To investigate how Hsp82 affects the protein-DNA complexes, we determined the impact of Hsp82 on the DNA binding activities of the Cdc13 derivatives. We found that Hsp82 dissociated FL Cdc13 and the N-domain from DNA but the chaperone did not extensively affect DNA binding by the DBD or C-terminal fragment (Fig. 4b). Hence, Hsp82 modulates Cdc13 through interactions with the N-terminus. In addition to direct DNA binding, we found that Cdc13 and the DBD fragment could protect single-stranded DNA from nuclease digestion (Supplementary Fig. 3). However, in the presence of Hsp82 the full-length Cdc13 no longer protected the DNA. Based on the anisotropy data, Hsp82 displayed a higher affinity for the N-fragment (Kd ~35 nM) relative to FL (Kd ~325 nM) suggesting contacts between the amino- and carboxyl-domains of Cdc13 impact modulation by Hsp82. In contrast to Hsp82, Sba1 had no apparent effect on Cdc13 DNA binding despite the ability of Sba1 to dissociate telomerase from DNA (Fig. 4b)19.
Notably, we found that Hsp82 actively prevented Cdc13 DNA binding, as Cdc13 binding activity was restored upon Hsp82 inhibition (Fig. 5a). Furthermore, treatment of telomerase extract with an Hsp82 small-molecule inhibitor (radicicol) resulted in Cdc13-mediated suppression of telomerase activity using the 23-base substrate rather than activation (Fig. 5b). Thus, Hsp82 specifically converts the Cdc13-capping structure into a Cdc13/telomerase-extending complex by interfering with DNA binding by Cdc13 but not with its ability to associate with DNA-bound telomerase. In addition, we found that alternate stepwise addition of Hsp82 and Stn1/Ten1 revealed a competitive equilibrium effect on the DNA binding activity in vitro (Fig. 5c). Thus, Hsp82 can dissociate the Cdc13/Stn1/Ten1 bound complex yet the capacity of additional Stn1/Ten1 to counter the Hsp82 dissociation activity provides a mechanism to reestablish a Cdc13 DNA-bound state, which has important implications for Cdc13-mediated DNA structures.
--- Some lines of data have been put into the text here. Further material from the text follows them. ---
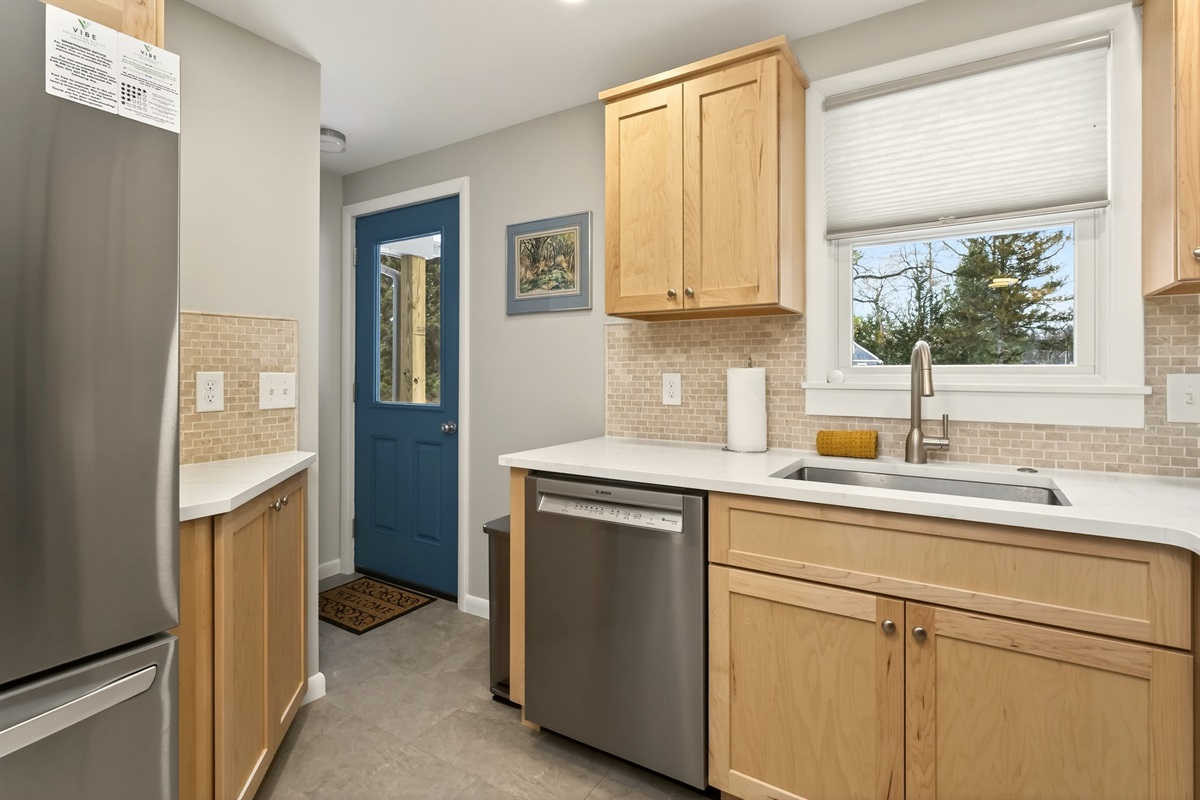 Access to the exterior from the kitchen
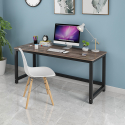 Työpöytä toimisto suorakulmainen 120x60cm puu metalli musta moderni Bridgeblack 120 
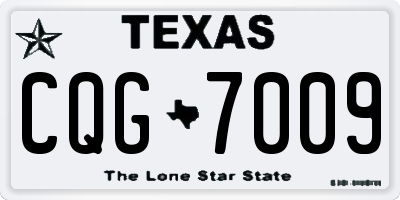 TX license plate CQG7009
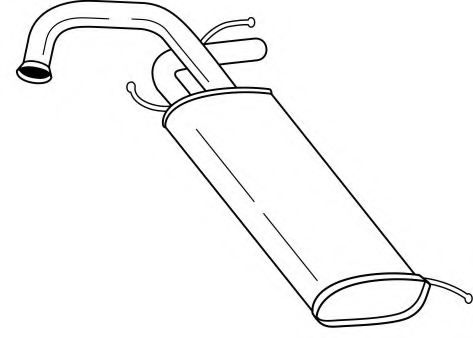 Глушитель выхлопных газов конечный AKS DASIS SG13699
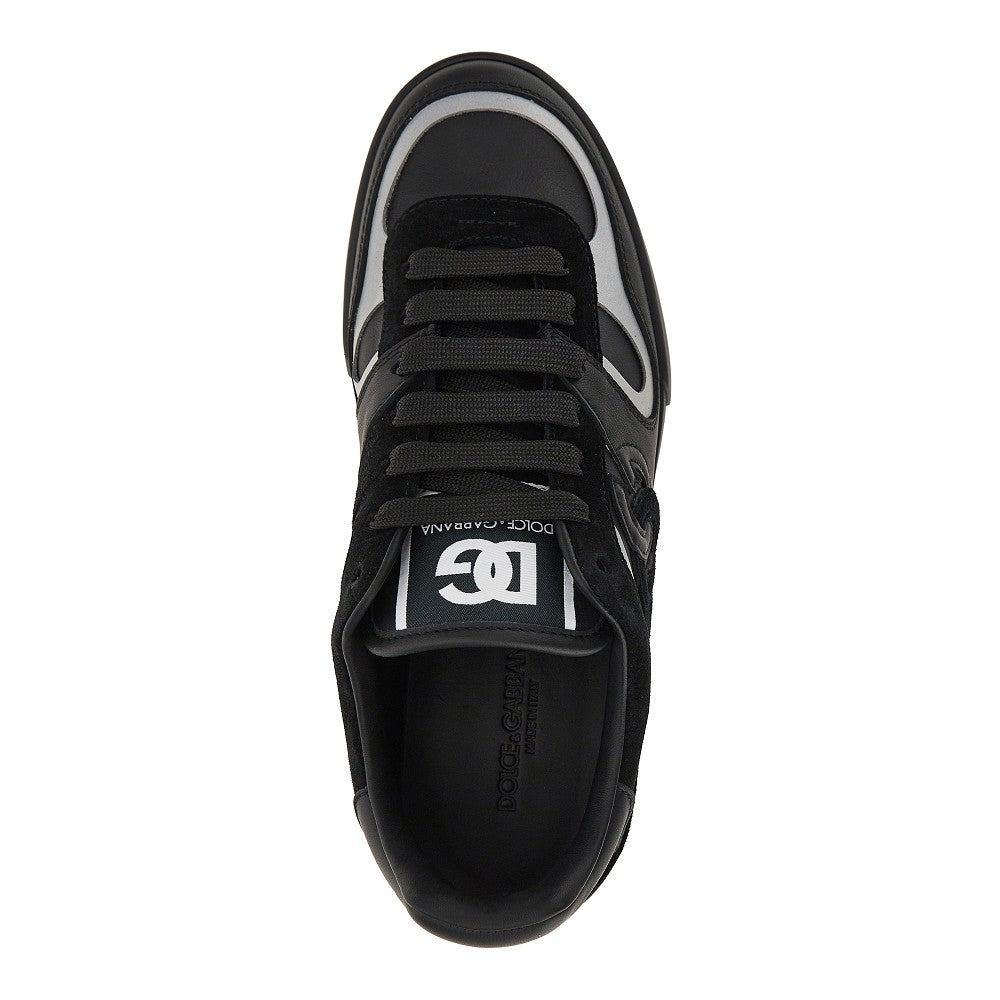 Dolce&Gabbana Men 'Portofino' Leather Sneakers DOLCE & GABBANA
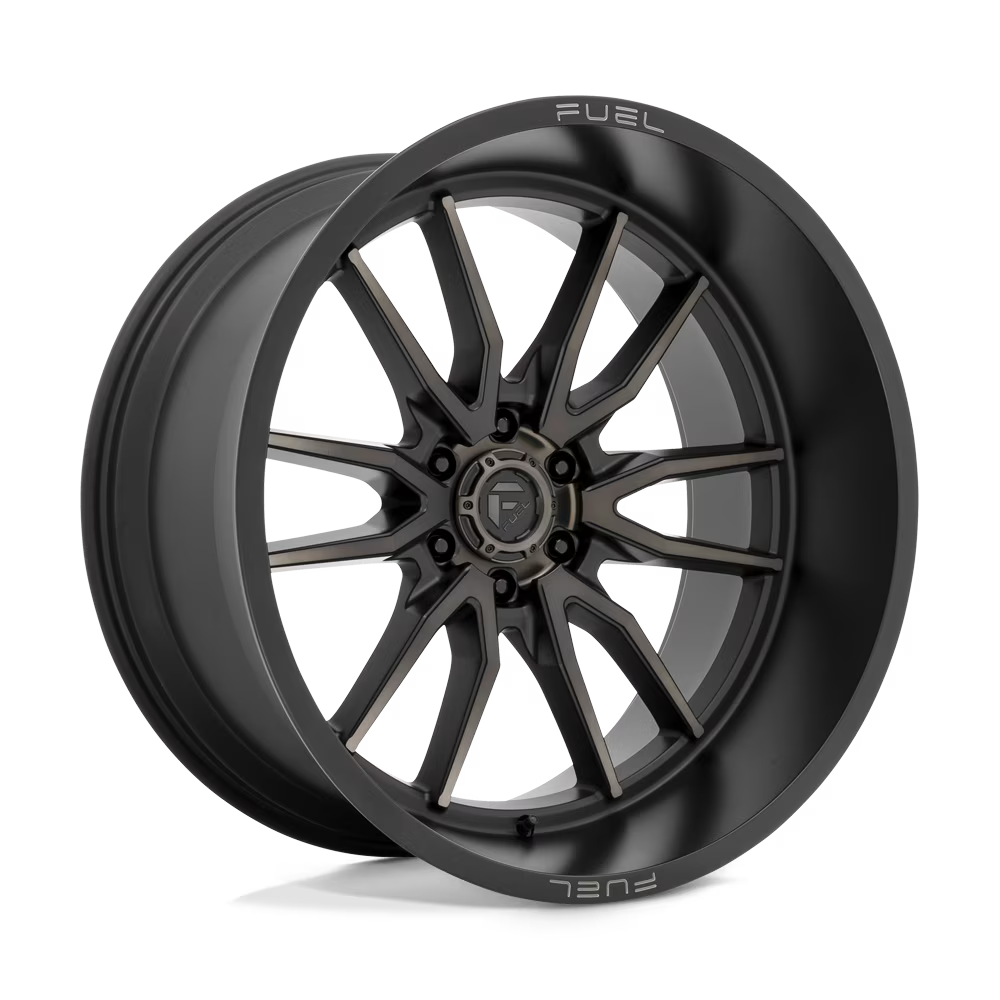 Fuel D762 Clash 24X12 6X139.7 -44Et 71.5Cb Matte Black Double Dark Tint Wheel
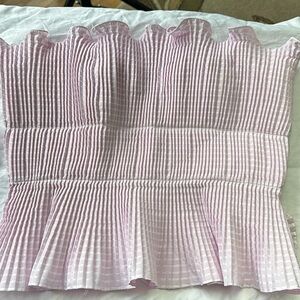 Potorsyn Pleated Ruffle Corset Style Cropped Top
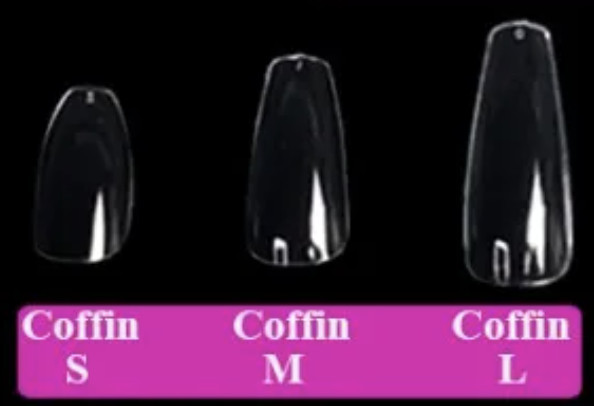 500 pcs Nail Tips GEL Extensions Full Cover ALMOND | COFFIN | ALMOND SOFT GEL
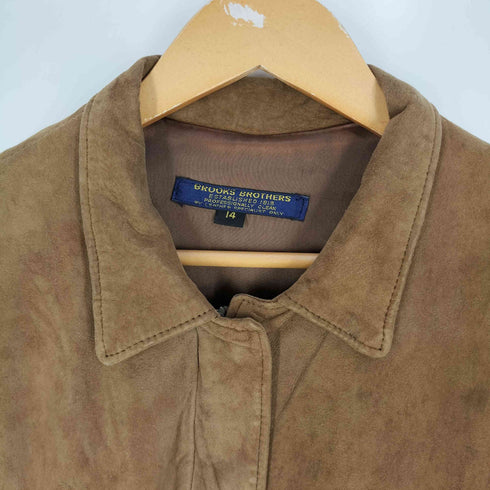 ブルックスブラザーズ BROOKS BROTHERS 80s センターベント スウェード ジャケット メンズ 14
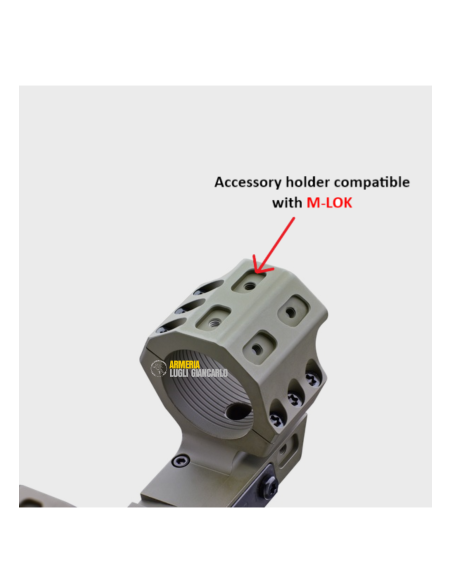 Attacchi Contessa per ottiche anelli da 34mm altezza 38 0 MOA codice UTFX03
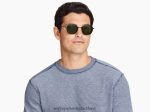 Warby Parker T4FT0T598 Brille gebürstete Tinte Keiko – Bild 2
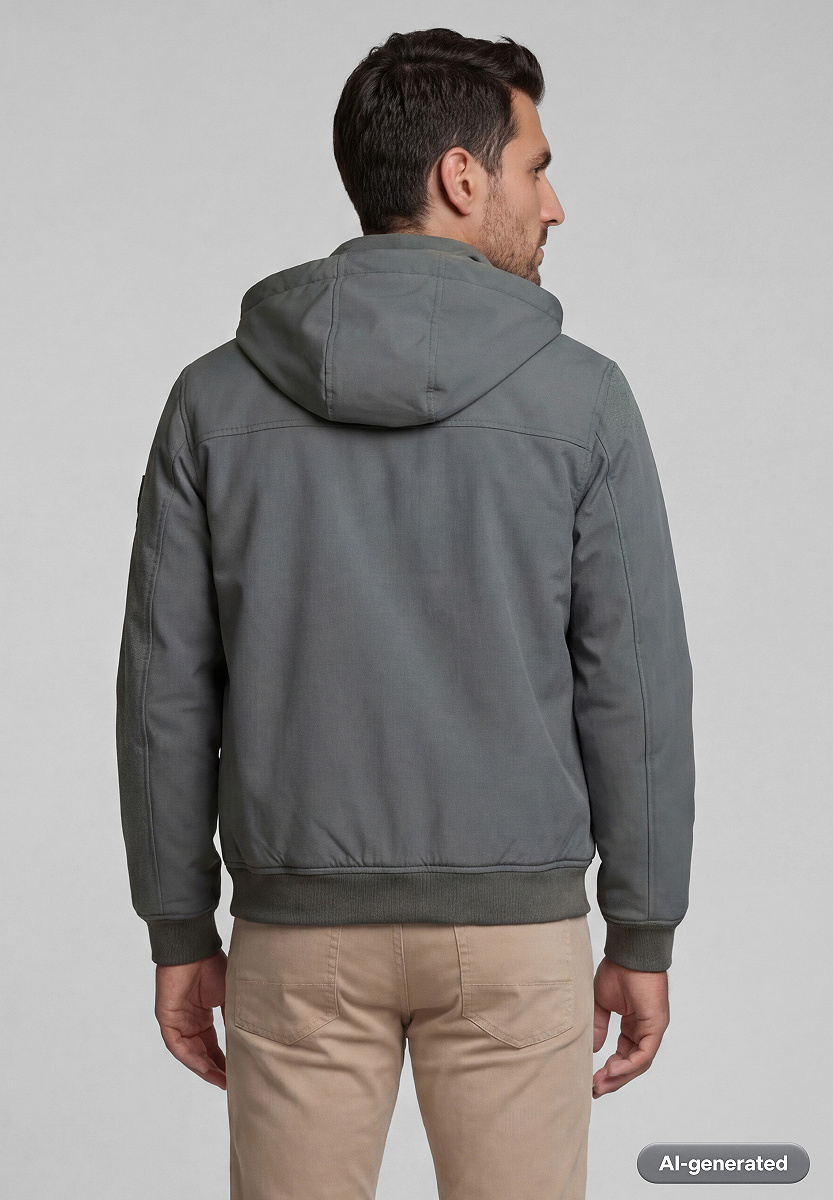 Softshell Jacke mit abnehmbarer  Kapuze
Given the impact of Hsp82 on Cdc13 in vitro, one might predict that Hsp82 overexpression would have a marked effect on telomere DNA length in vivo. Yet, our studies and prior work indicate that ectopic Hsp82 overexpression results in an ~50% reduction in telomere DNA length (Supplementary Fig. 4a)10. Though the change in DNA length does correlate with the relative increase in Hsp82 protein amounts (~2-fold; Supplementary Fig. 4a), the modest telomere effect might also occur if Hsp82 is affecting competing telomere functions. For example, an increase in cellular Hsp82 might lower Cdc13-mediated DNA end protection by limiting formation of capping complexes; however, a reduction in Cdc13 DNA-binding would promote telomerase-DNA interactions by elevating telomerase accessibility to the extreme 3′ DNA end.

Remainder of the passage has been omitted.